En ce qui concerne la condition d’urgence :
6. Il appartient au juge des référés, saisi d’une demande de suspension d’une décision refusant la délivrance d’un titre de séjour, d’apprécier et de motiver l’urgence compte tenu de l’incidence immédiate du refus de titre de séjour sur la situation concrète de l’intéressé. Cette condition d’urgence est en principe constatée dans le cas d’un refus de renouvellement du titre de séjour, comme d’ailleurs d’un retrait de celui-ci. Dans les autres cas, il appartient au requérant d’établir la réalité de circonstances particulières qui justifient que la condition d’urgence soit regardée comme remplie.
7. En l’espèce, M. C n’a jamais été mis en possession d’un document provisoire justifiant de la régularité de son séjour et l’autorisant à travailler. Compte tenu du délai anormalement long de l’instruction et des difficultés matérielles dans lesquelles la famille est maintenue, la condition d’urgence est remplie.
En ce qui concerne la condition tenant à l’existence d’un doute sérieux sur la légalité de la décision attaquée :
8. En l’état de l’instruction, le moyen tiré de ce que la décision attaquée méconnaît les dispositions de l’article L. 424-3 du code de l’entrée et du séjour des étrangers et du droit d’asile est propre à créer un doute sérieux quant à la légalité de la décision en litige. Par suite, il y a lieu d’ordonner la suspension de l’exécution de la décision implicite refusant la délivrance d’une carte de résident à M. C.

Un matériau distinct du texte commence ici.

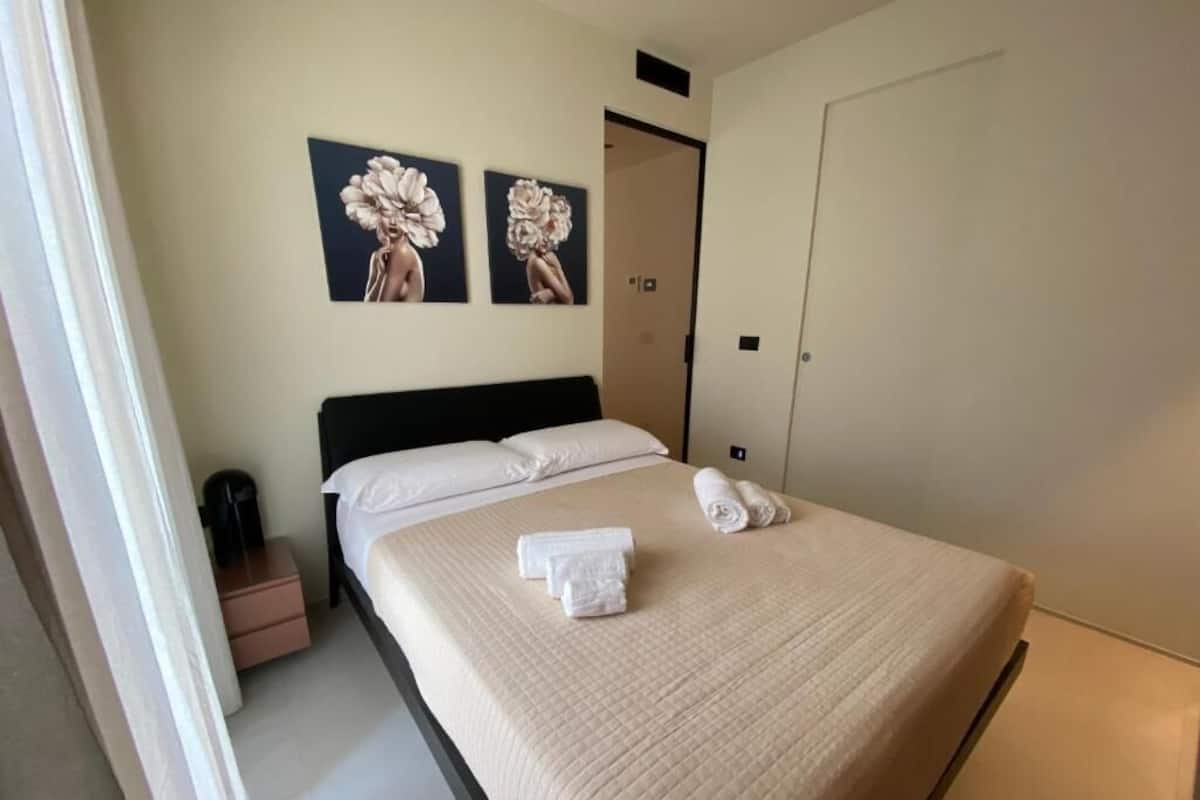 Una cama bien tendida con sábanas y toallas blancas, un cabecero negro y dos obras de arte con motivos florales en la pared.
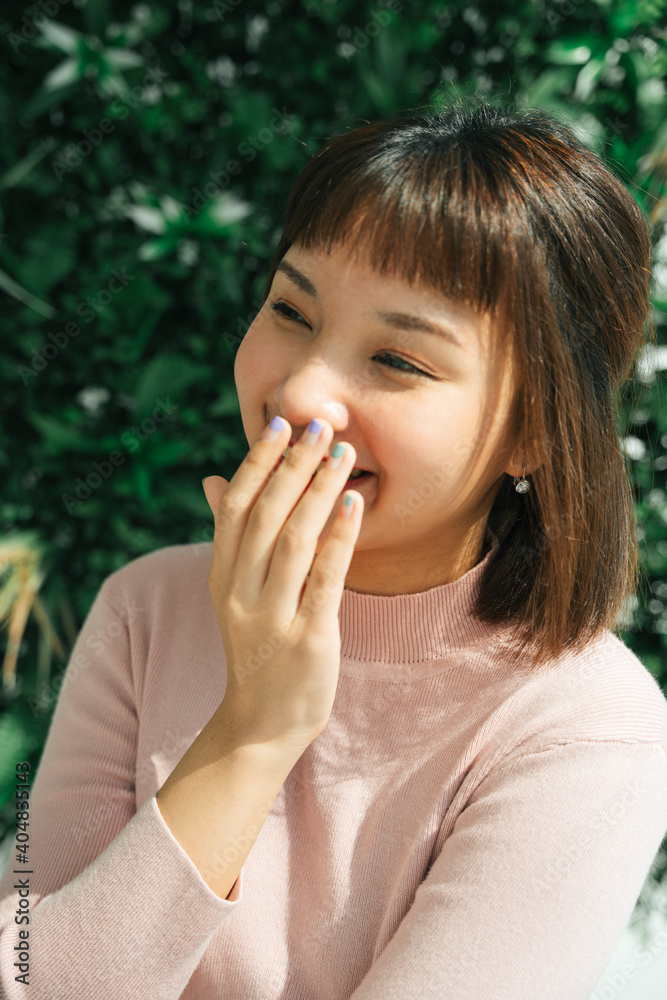 Close up - Beautiful asian thai woman wearing pink shirt standing outdoor in sunlight. Close up - Beautiful asian thai woman wearing pink shirt standing outdoor in sunlight.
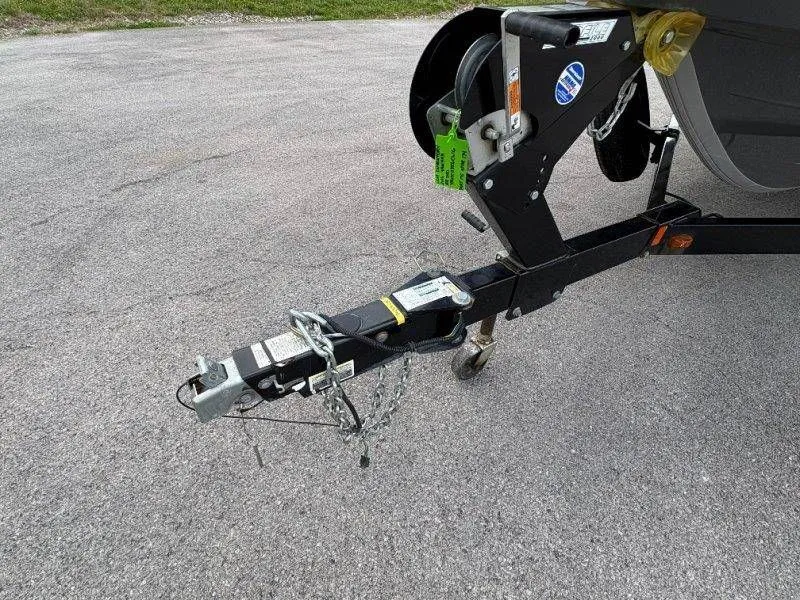 Slide: The Image of Trailer of a 2016 Yamaha AR240 boat on asphalt. - 19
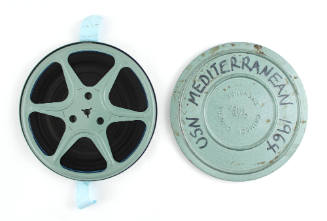 8mm film and metal cannister that reads "USN Mediterranean 1964"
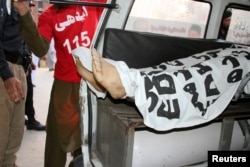 The body of Mashal Khan is seen loaded into an ambulance after a mob beat him to death at his university campus in Mardan, Pakistan, April 13, 2017.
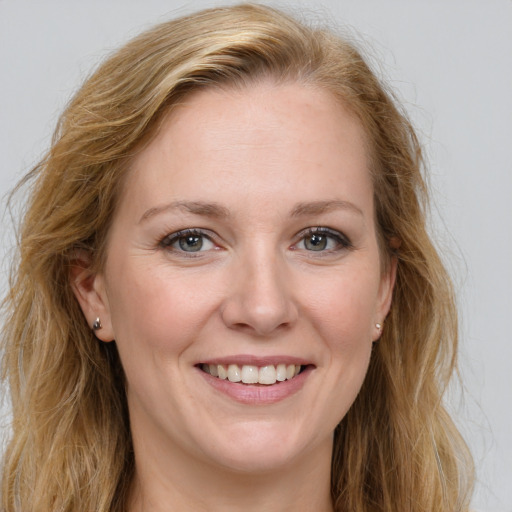 Joyful white young-adult female with long  brown hair and blue eyes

En ce qui concerne les conclusions d’injonction :
9. La présente décision implique qu’il soit enjoint à la préfète de l’Isère de réexaminer la demande de carte de résident de M. C dans un délai d’un mois à compter de la notification de la présente ordonnance, sous astreinte de 200 euros par jour de retard et dans l’attente de lui délivrer un document justifiant de la régularité de son séjour et l’autorisant à travailler dans un délai de 48 heures à compter de la notification de l’ordonnance à intervenir, sous astreinte de 100 euros par jour de retard.
En ce qui concerne les frais d’instance :
10. Il y a lieu, dans les circonstances de l’espèce, de mettre à la charge de l’Etat une somme de 800 euros à verser à Me Poret sur le fondement de l’article 37 de la loi du 10 juillet 1991, sous réserve de sa renonciation à la perception de l’aide juridictionnelle.
O R D O N N E :
Article 1er :M. C et Mme A sont admis provisoirement à l’aide juridictionnelle.
Article 2 :Le surplus des conclusions de la requête n°2505379 est rejeté.
Article 3 :L’exécution de la décision implicite de la préfète de l’Isère opposée à la demande de carte de résident de M. C est suspendue.
Article 4 :Il est enjoint à la préfète de l’Isère de réexaminer la demande de carte de résident de M. C dans un délai d’un mois à compter de la notification de la présente ordonnance, sous astreinte de 200 euros par jour de retard et dans l’attente de lui délivrer un document justifiant de la régularité de son séjour et l’autorisant à travailler dans un délai de 48 heures à compter de la notification de l’ordonnance à intervenir, sous astreinte de 100 euros par jour de retard.
Article 5 :L’Etat versera à Me Poret, au titre de l’instance 2505497, une somme de 800 euros au titre de l’article 37 de la loi du 10 juillet 1991, sous réserve de renonciation à l’aide juridictionnelle.
Article 6 :La présente ordonnance sera notifiée à Mme A, à M. C, à Me Poret et au ministre de l’intérieur.
Copie en sera adressée à la préfète de l’Isère.
Rendu public par mise à disposition au greffe le 27 juin 2025.
Le juge des référés,
J. B
Le greffier,
P. Muller
La République mande et ordonne au ministre de l’intérieur en ce qui le concerne ou à tous commissaires de justice à ce requis en ce qui concerne les voies de droit commun, contre les parties privées, de pourvoir à l’exécution de la présente décision.